Что поражает в Пушкине и на что, кажется, все еще недостаточно обращали внимание, это -- изумительная разносторонность его интересов, энциклопедичность тех вопросов, которые занимали его.
Достаточна бегло пересмотреть сочинения Пушкина, чтобы отметить, что в его стихах, повестях, драмах отразились едва ли не все страны и эпохи, по крайней мере, связанные с современной культурой.
Античный мир восстает в переводах из поэтов древнегреческих (Сафо, Анакреонт, Ион, Афеней, Ксенофан) и римских (Катулл, Гораций), в подражании Ювеналу "К Лициниго", в образе Овидия из "Цыган", в таком замысле, как "Египетские ночи". Древний Восток звучит в подражаниях "Песни песней", в отрывке "Юдифь", в "Гаврилиаде". Мир ислама жив в "Подражаниях Корану", в подражаниях арабскому, Гафизу, турецкому; мусульманский Крым, мусульманский Кавказ -- в поэмах, посвященных им ("Бахчисарайский фонтан", "Кавказский пленник", "Галуб"), во многих лирических стихотворениях. Европейское средневековье ярко изображено в "Скупом рыцаре", в "Сценах из рыцарских времен", намечено в программах неоконченных произведений.
Почти все страны и народы новой Европы представлены в образах их поэзии или в самостоятельных созданиях: Испания -- в трех испанских "романсах", в "Каменном тосте", в отрывках "Родриг", "Альфонс"; Италия -- в переводах из Ариосто, Пиндемонте, Альфиери и др., в "Подражаниях Данту", в "Анджело", в стихах о Венеции и др.; Франция -- в стихах ряда ее поэтов, Кл. Маро, Вольтера, Парни, А. Шенье и др., в 1-й главе "Арапа Петра Великого"; Англия, не говоря уже о "байронизме" и "шекспиризме" у Пушкина, -- в подражаниях Барри Корнуэлю, Т. Муру, Вордсворту, Соути, в "Пире во время чумы"; Германия, казалось бы, чуждая Пушкину, -- в "Сцене из Фауста", в "Моцарте и Сальери", в набросках "Мария Шонинг"; Шотландия -- в "Шотландской песне"; Португалия -- в песне Гонзаго; Литва и Польша -- в переводах из Мицкевича; западное славянство -- в его "Песнях", и т.д. Вникая подробнее, можно было бы присоединить к перечню и Финляндию ("Вадим"), и Американские Соединенные Штаты ("Дж. Теннер"), и дикие страны ("Анчар"), и многие другие.
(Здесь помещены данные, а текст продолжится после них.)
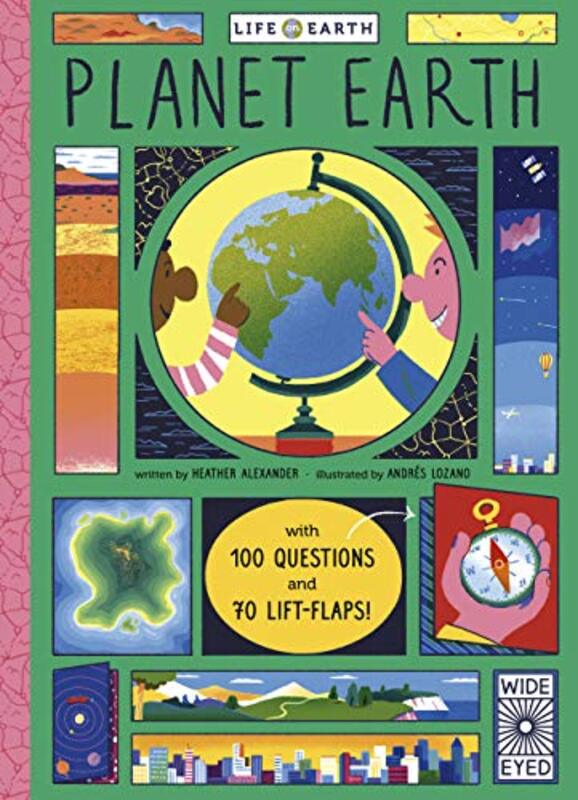 Book cover for "Planet Earth" by Heather Alexander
Естественно, что с еще большей полнотой захвачена в творчестве Пушкина его родина. В поэзии Пушкина проходят картины всех областей России, не только ее центральной части, которую он особенно хорошо знал (длинный ряд лирических стихотворений, "Евгений Онегин", "Граф Нулин", повести и пр., и пр.), но и всех ее окраин, от берегов Финского залива ("Медный Всадник") и от Немана (из Мицкевича) до Черного моря, Крыма, Кавказа и Закавказья (Грузия, Арзрум), через Малороссию ("Полтава"), через Бессарабию ("Цыгане"), по Дону, по Уралу, по Волге, сливаясь иногда в одной роскошной панораме ("Путешествие Онегина").
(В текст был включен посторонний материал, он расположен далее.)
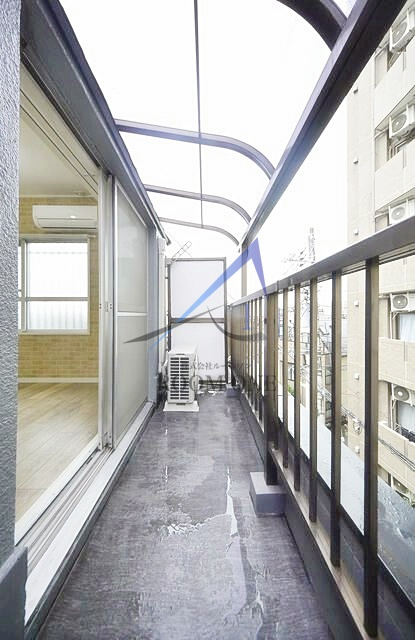 三軒茶屋マンションのバルコニー|バルコニーです。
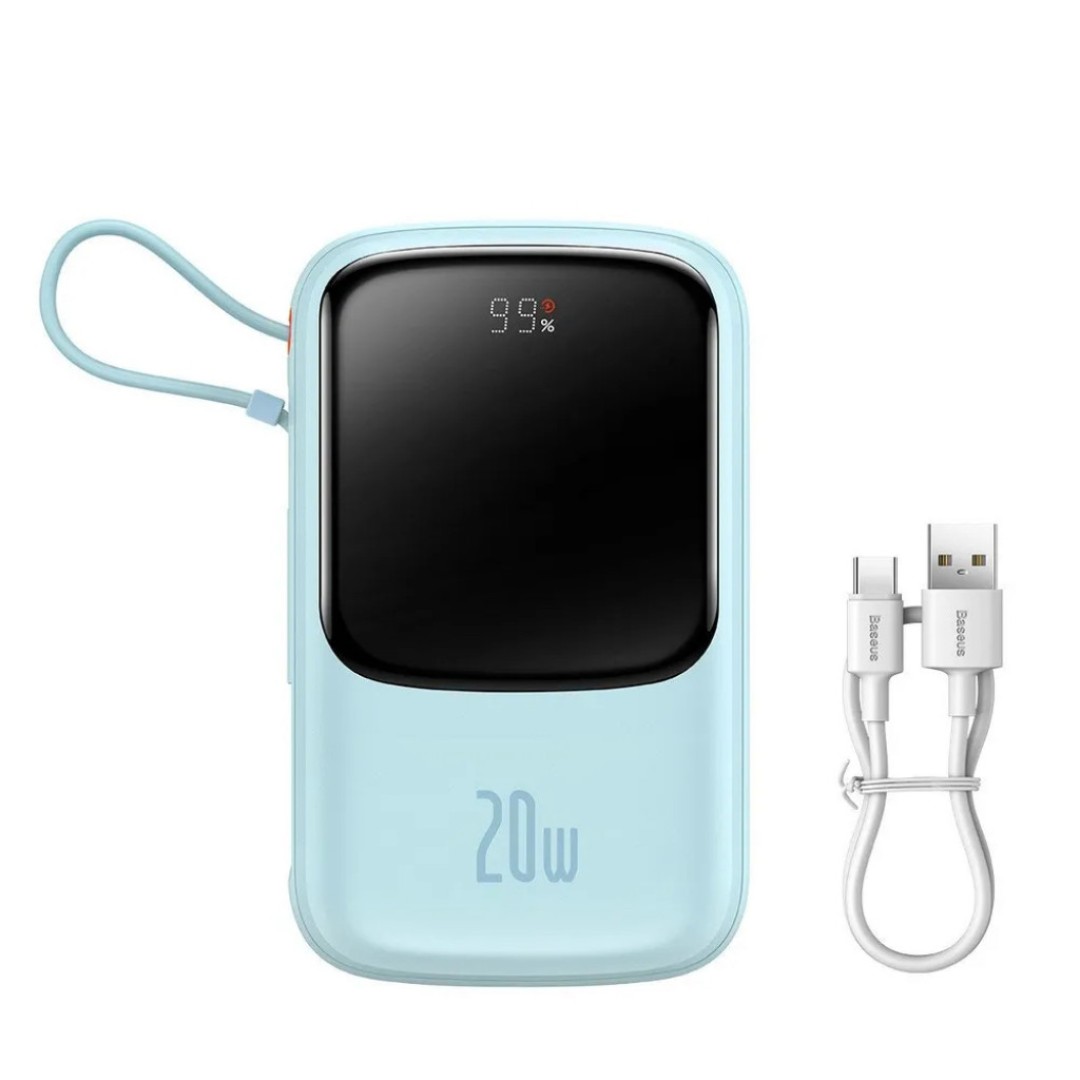 Внешний аккумулятор Baseus Qpow Pro 10000mAh 20W (PPQD020001)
Так же полно представлена вся русская история. Мы видим древнейшую, былинную Русь -- в "Песне о вещем Олеге", в сказках, отчасти в "Вадиме" (Новгород); Русь московскую -- в "Русалке", в "Борисе Годунове"; восстание Разина -- в песнях о нем; революцию Петра -- в "Медном Всаднике", в "Полтаве", в "Арапе" и др.; пугачевщину -- в "Истории Пугачева", в "Капитанской дочке"; 1812 год к затем годы Александра I и Аракчеева -- в ряде стихотворений и эпиграмм, в наброске "Рославлев", в том же "Всаднике"; общий обзор русской истории -- в "Родословной моего героя"; наконец -- Россию современную Пушкину.
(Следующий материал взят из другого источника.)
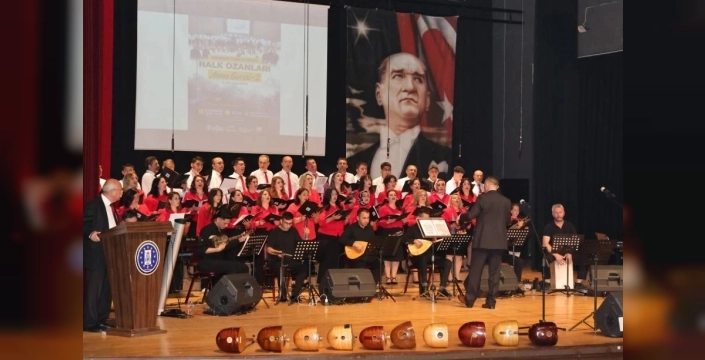 Kütahya'da halk ozanları türkülerle anıldı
Эту Россию 20-х и 30-х годов Пушкин сумел изобразить, за краткое, в сущности, время своего творчества (20 лет), со всех сторон. Один "Евгений Онегин" может служить энциклопедией всей русской жизни 1817 -- 1825 годов. Быт дворовых и крестьян (образ няни Татьяны, "песня девушек" с объяснением к ней, попытка Онегина облегчить барщину и многое другое), помещичья жизнь, старая "грибоедовская" Москва (гл.VII), купечество ("Путешествие"), придворный круг (гл. VIII -- IX), освободительное движение, приведшее к 14 декабря (сожженная X гл.), и еще многое иное вместилось в рамки "свободного романа". Рядом мы находим мелкое чиновничество в "Медном Всаднике" и в "Домике в Коломне"; находим нравы военного класса в "Выстреле", в "Пиковой даме"; -- новую вольницу в "Дубровском"; типы духовных, актеров, литераторов, разных "простолюдинов" и др., рассеянные там и здесь; -- замысел изобразить все вообще классы общества, сверху донизу ("Русский Пелам"), наконец, несчетное число черт для характеристики русской жизни, -- в балладах и лирических стихотворениях (например, "Утопленник", "Гусар", "Осень", "Каприз" и т.д.).
При этом Пушкин-художник как бы намеренно спешит испробовать на русском языке все формы, все виды поэтического творчества. Не только он пишет и чисто лирические стихотворения, и поэмы, и эпиграммы, и сатиры, и повести, и романы, и трагедии, и драмы, и комедии, и т.д.; но он как бы ревниво хочет усвоить себе все встречаемые им образцы. То он подражает арабской песне, то испанскому романсу, воспроизводит то терцины Данте, то октавы Байрона, то сонеты Вордсворта; рядом со складом народных русских и сербских стихов пробует сложные строфы Б. Корнуэля; подражает речи раешника ("Сказка о Балде"); перенимает манеру португальской частушки ("Из Гонзаго"); пробует писать комедию стихом лжеклассиков ("Отрывки из комедии"); начинает переводить то "Девственницу" Вольтера, то монолог из трагедии Альфиери; сам, наряду со стихами, мастерство которых в безыскусственности ("Птичка Божия", "Кто при звездах"), строит изысканнейшие строфы, где, например, рифмы чередуются через две ("Не розу пафосскую"), и т.д.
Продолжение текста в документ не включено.